## [TASK DIRECTIONS]
Pictures excluded, reproduce exactly the lines below from the one with "world best betting site" through the one with "Imagen del vendedor", both included.

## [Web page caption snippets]
§ §

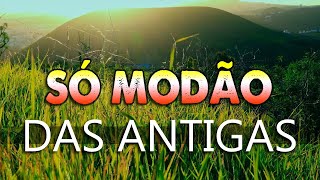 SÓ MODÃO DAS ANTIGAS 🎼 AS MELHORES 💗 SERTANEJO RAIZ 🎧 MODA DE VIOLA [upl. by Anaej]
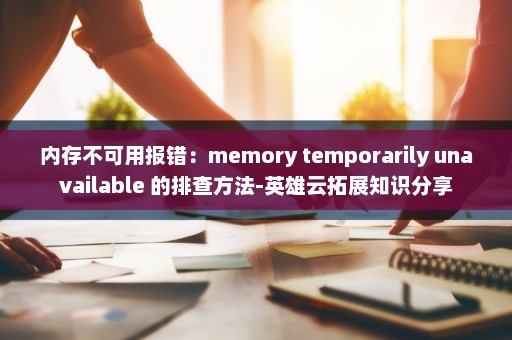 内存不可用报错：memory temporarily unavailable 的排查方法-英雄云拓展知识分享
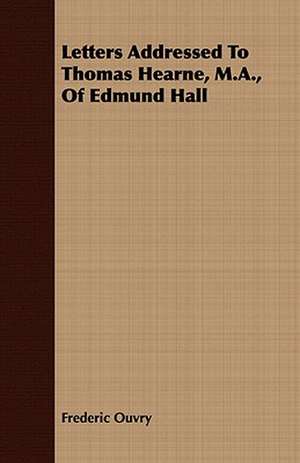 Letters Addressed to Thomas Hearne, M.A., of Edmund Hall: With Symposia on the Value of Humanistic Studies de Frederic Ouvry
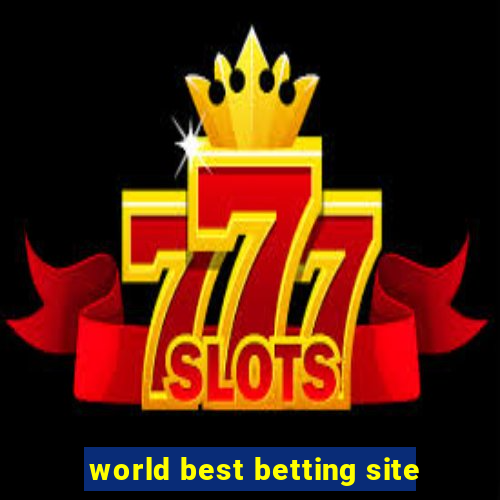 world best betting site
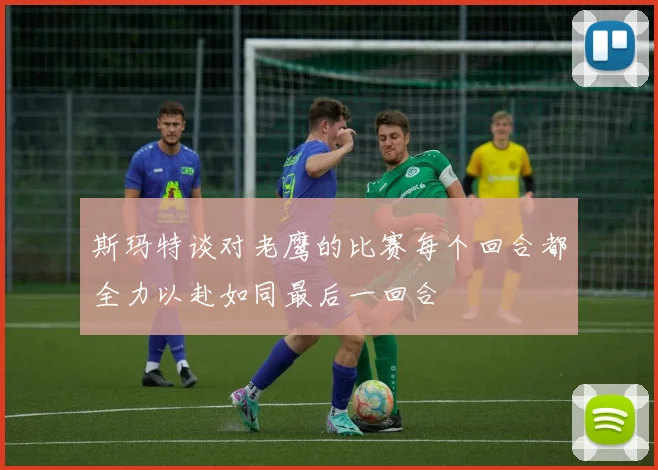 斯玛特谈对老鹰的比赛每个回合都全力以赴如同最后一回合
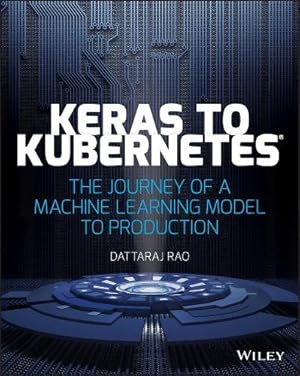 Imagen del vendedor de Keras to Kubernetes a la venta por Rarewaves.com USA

§ §

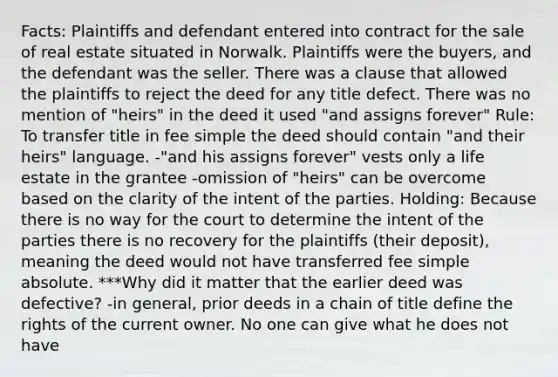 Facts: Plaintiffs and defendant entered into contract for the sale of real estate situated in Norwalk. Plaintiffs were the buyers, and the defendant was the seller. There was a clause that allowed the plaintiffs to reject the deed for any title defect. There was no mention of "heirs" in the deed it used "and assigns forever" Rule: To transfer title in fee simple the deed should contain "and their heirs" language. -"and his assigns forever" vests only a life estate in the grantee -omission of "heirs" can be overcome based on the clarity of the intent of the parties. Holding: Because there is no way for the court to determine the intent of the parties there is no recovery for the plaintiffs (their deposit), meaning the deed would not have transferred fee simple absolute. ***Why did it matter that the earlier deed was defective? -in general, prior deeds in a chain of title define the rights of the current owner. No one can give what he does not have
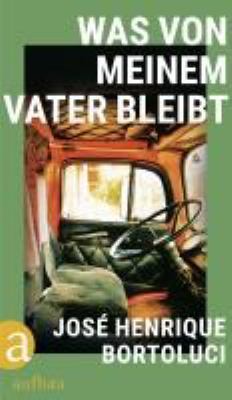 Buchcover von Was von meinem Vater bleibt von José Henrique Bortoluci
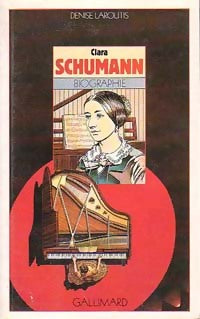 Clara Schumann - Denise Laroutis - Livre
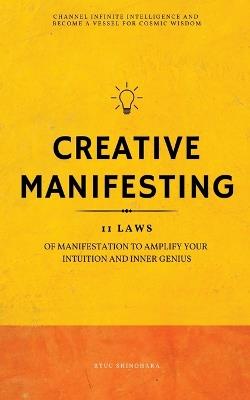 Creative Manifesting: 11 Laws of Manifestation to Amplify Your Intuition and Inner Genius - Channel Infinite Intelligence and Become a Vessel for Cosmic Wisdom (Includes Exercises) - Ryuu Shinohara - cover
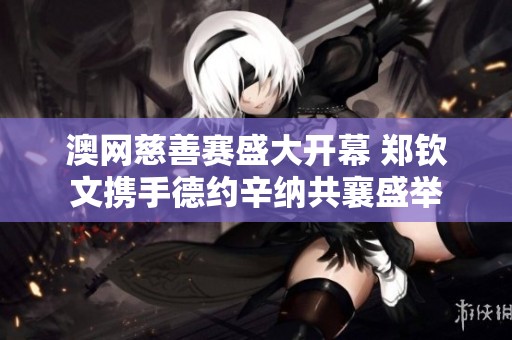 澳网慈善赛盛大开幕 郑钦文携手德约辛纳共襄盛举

§ §

## [EXERCISE OUTPUT]
 world best betting site
 斯玛特谈对老鹰的比赛每个回合都全力以赴如同最后一回合
 Imagen del vendedor de Keras to Kubernetes a la venta por Rarewaves.com USA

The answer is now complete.